- Location: Kent County, Delaware, Delaware, United States
- Coordinates: 39°05′33″N 75°26′44″W﻿ / ﻿39.092466°N 75.445433°W
- Established: 1937
- Visitors: Open daily
- Website: Delaware National Estuarine Research Reserve

= Delaware National Estuarine Research Reserve =

The Delaware National Estuarine Research Reserve consists of two unique components, one on Blackbird Creek and the other on the St. Jones River. Freshwater wetlands, ponds and forest lands dominate the Blackbird Creek component. The St. Jones component is dominated by salt marsh and open water habitats of the Delaware Bay.

The reserve monitors long-term changes in weather and aquatic conditions in the estuary. The reserve’s research and monitoring programs address key management issues, such as biodiversity and the impacts of land use on estuarine habitats, ecological impacts on horseshoe crab populations from migratory shorebirds, beach replenishment activities in relation to habitat preservation/ reclamation, and eutrophication and contaminants in the estuary.

==St. Jones Center for Estuarine Studies==
The St.
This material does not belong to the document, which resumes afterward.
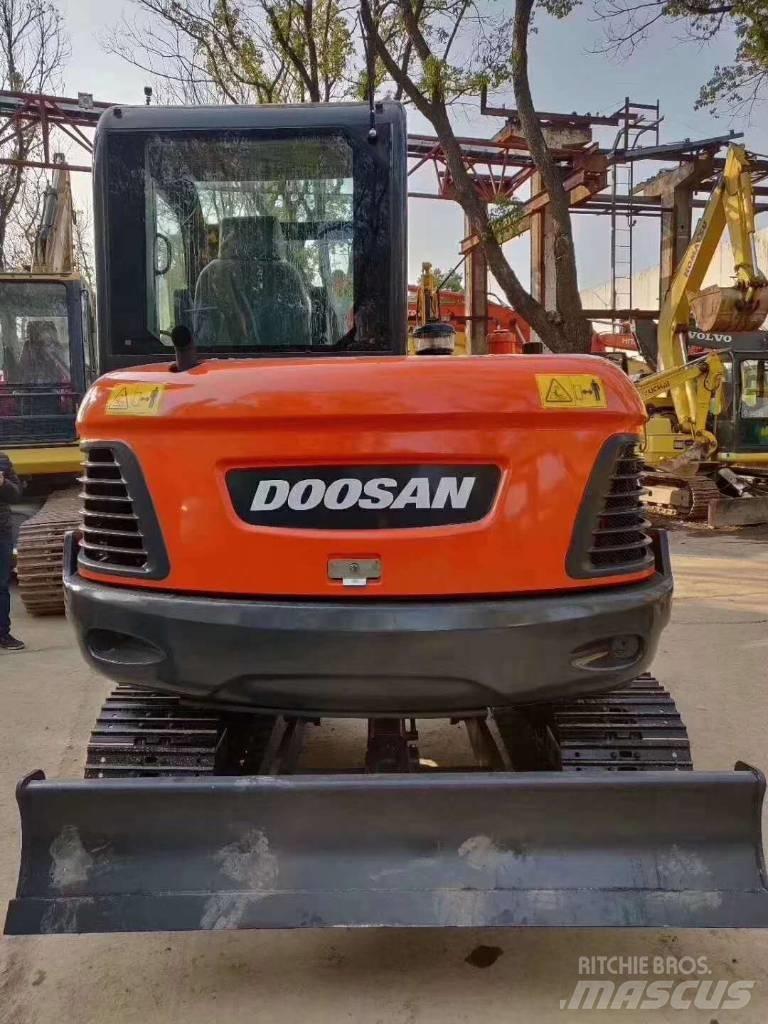Doosan DX 60-9C حفارات زحافة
Jones Center for Estuarine Studies offers a wide variety of educational programs about the reserve for the general public, school groups, private and nonprofit organizations, educators and coastal decision makers. Coastal decision-maker workshops have included such topics as land-use planning and smart growth, energy resource conservation and development for the next decade and acoustical bay bottom mapping. Visitor can explore hands-on interactive activities and exhibits including fish tanks, a recycling center, restoration demonstration areas as well as a variety of programs and volunteer opportunities for the community, teachers, students, and families. The Center also supports ongoing research and monitoring, field studies, citizen monitoring programs, and training opportunities for coastal decision makers.